Les animamos a que consulten con su médico antes de comenzar el Ayuno de Daniel.

Comidas que podemos comer

Granos: integral, avena, cebada, soya.

Legumbres: frijoles secos, frijoles pintos, chicharos, lentejas, frijoles negros.

Frutas: Manzanas, plátanos, zarzamora, melón, cerezas, (cranberry) higos, toronjas, uvas, guayaba, kiwi, limones, limas, mangos, lechoza (papayas), duraznos, peras, piñas, ciruelas, ciruela pasa, pasas, frambuesa, fresas, mandarinas, sandía.

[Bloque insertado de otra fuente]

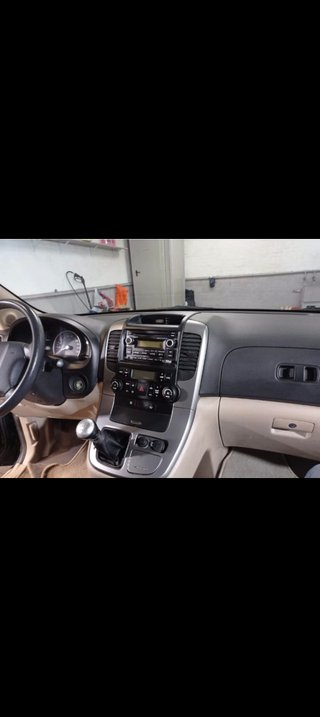 KIA Carnival 2010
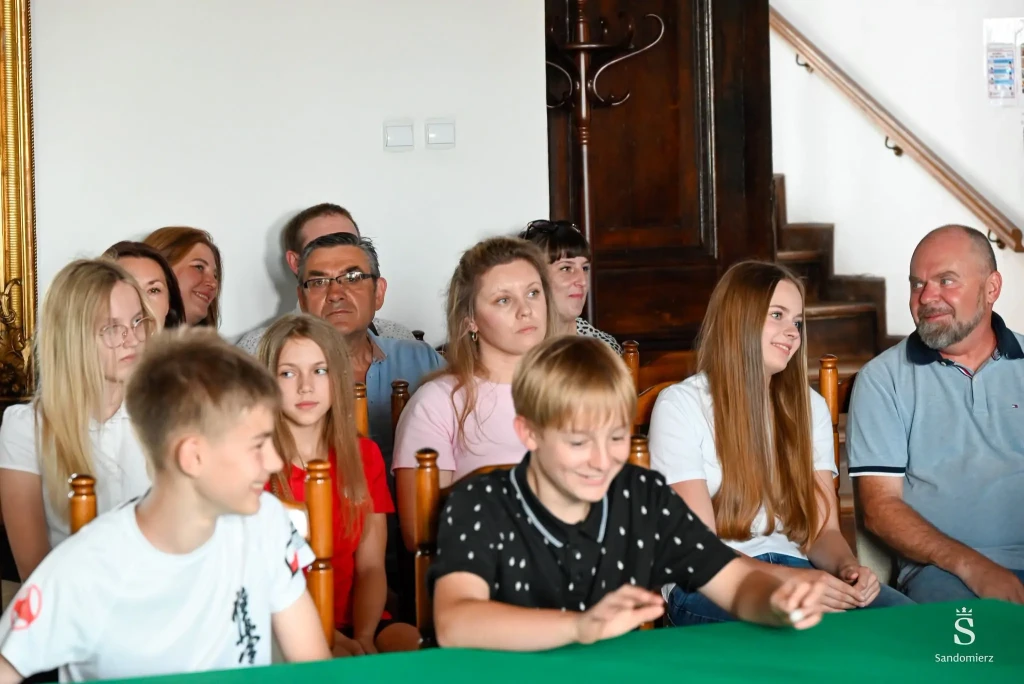 Uroczysta gala wręczenia nagród dla najlepszych uczniów szkół podstawowych za wybitne osiągnięcia w nauce i sporcie 8 Najlepsi - 09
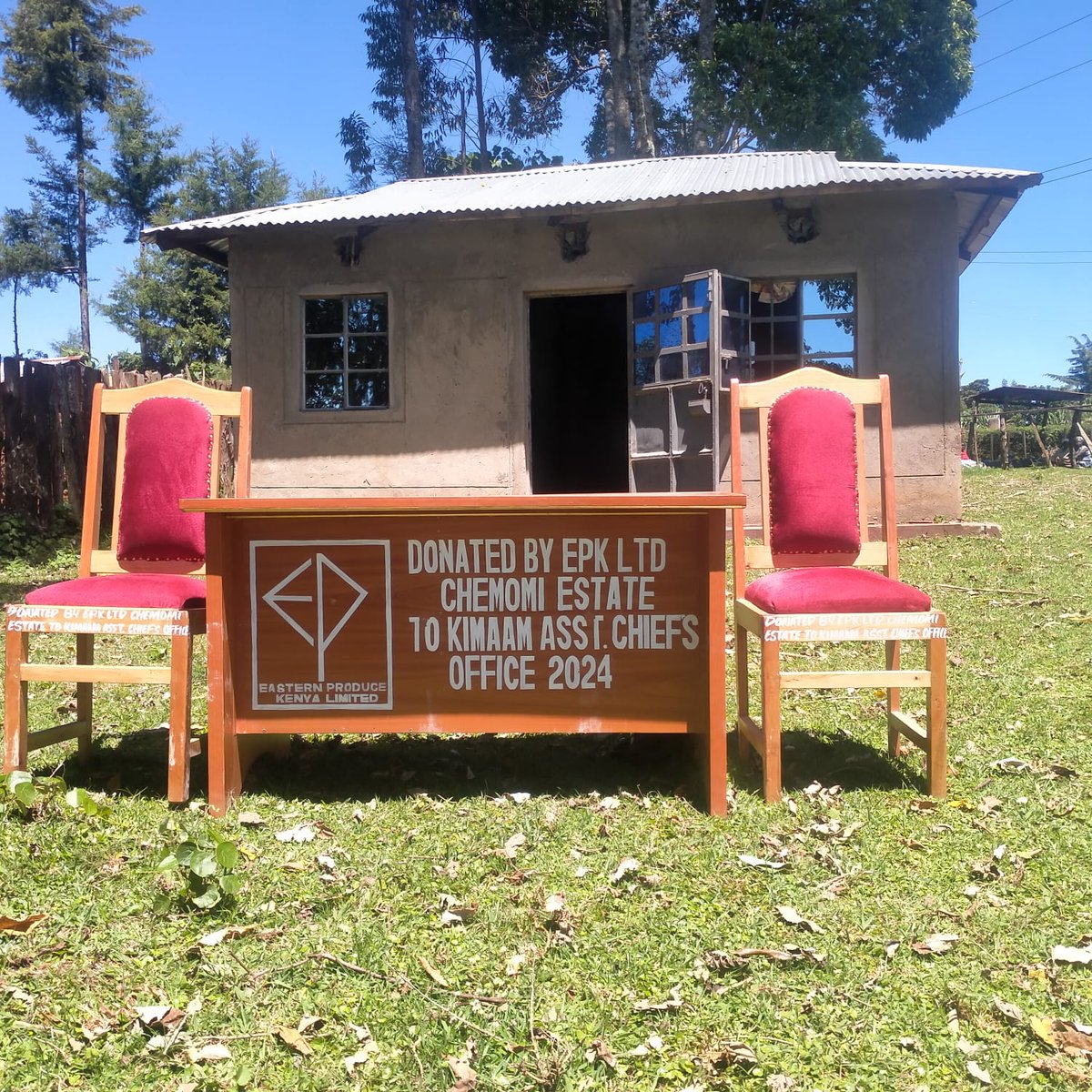 EPK Chemomi Estate handed over office furniture to the Assistant Chiefs Office, Kimaam Sublocation to help enhance service delivery to the community.

#SDGs #EPK #EasternProduceCSI #EasternProduceKenya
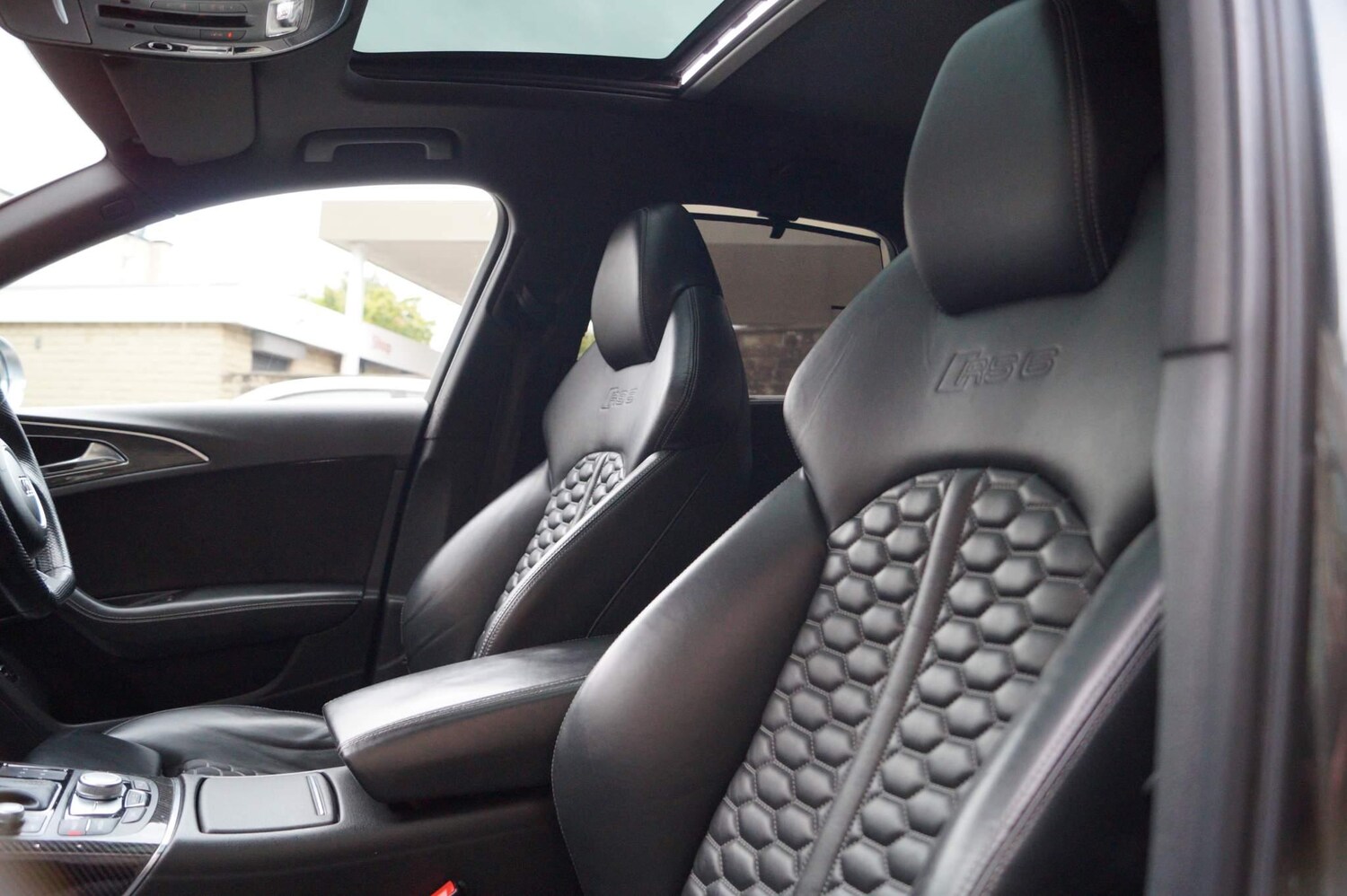 Used Audi RS6 Avant 2015 for sale - 73435583: Photo 69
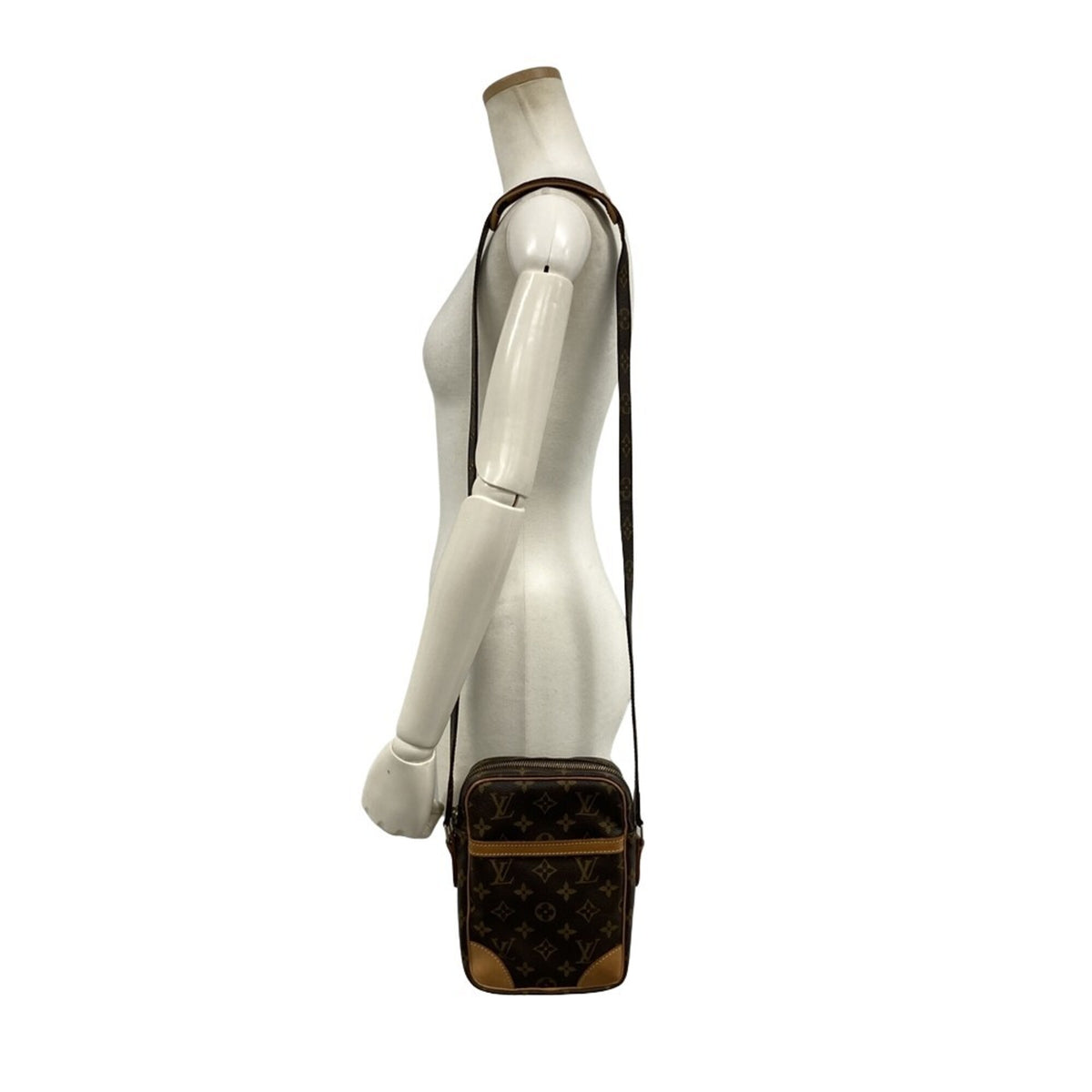 Louis Vuitton Brown Monogram Shoulder Bag (Pre-Owned)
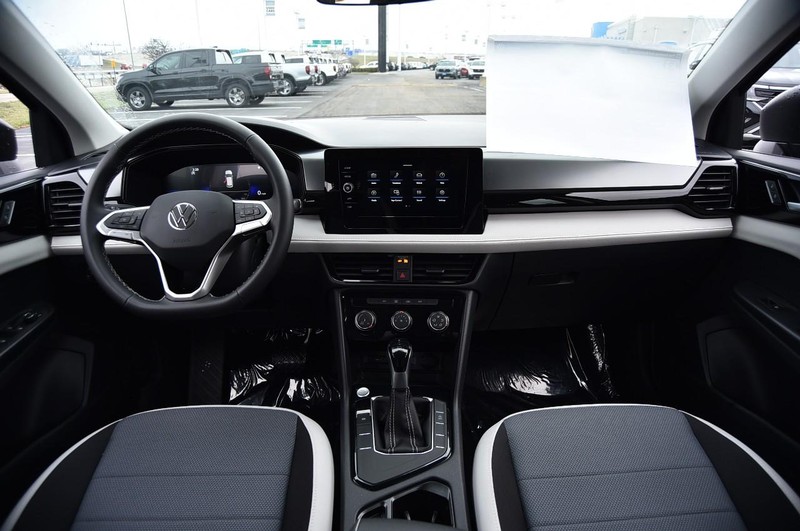 Volkswagen Taos Vehicle Image 07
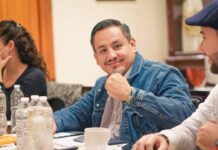 Poder Legislativo debe privilegiar el diálogo y respetar la pluralidad: Víctor Manríquez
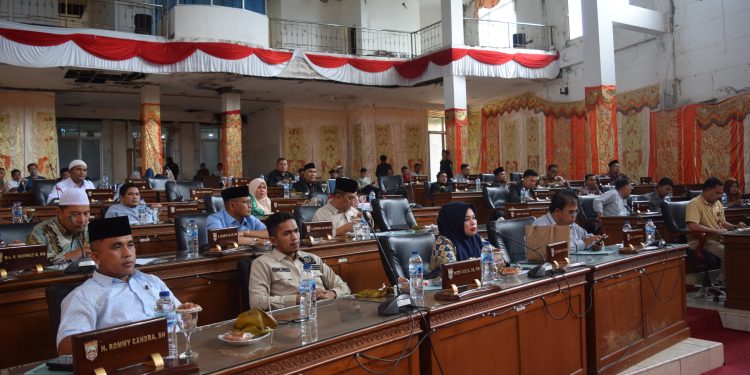 Sidang Paripurna DPRD Penyampaian Jawaban Bupati Atas Pendapat Akhir Fraksi-Fraksi Terhadap RAPBD Tahun Anggaran 2026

Verduras: alcachofas, espárragos, betabel, brócoli, repollo, zanahoria, colior, apio, chiles, elote, pepinos, berenjena, ajo, raíz de jengibre, puerro, lechuga, hongos, acelgas, cebolla, perejil, papas, rábano, espinacas, espárragos, chayote, camote, aullama (calabaza), tomates, nabo, berro, Semillitas, nuez.

Líquidos: Agua de manantial, agua destilada, jugos de fruta 100% naturales, jugos de verdura 100% naturales.

Evitar las siguientes comidas

Carne de puerco y de res, Arroz blanco, Comidas fritas, Cafeína, Bebidas carbonizada, comidas que contienen preservativos y aditivos, Azúcar refinada, substitutos de azúcar, Harina blanca y todo producto que lo contiene, Mantequilla, Manteca, y todo producto con alta concentración de grasa.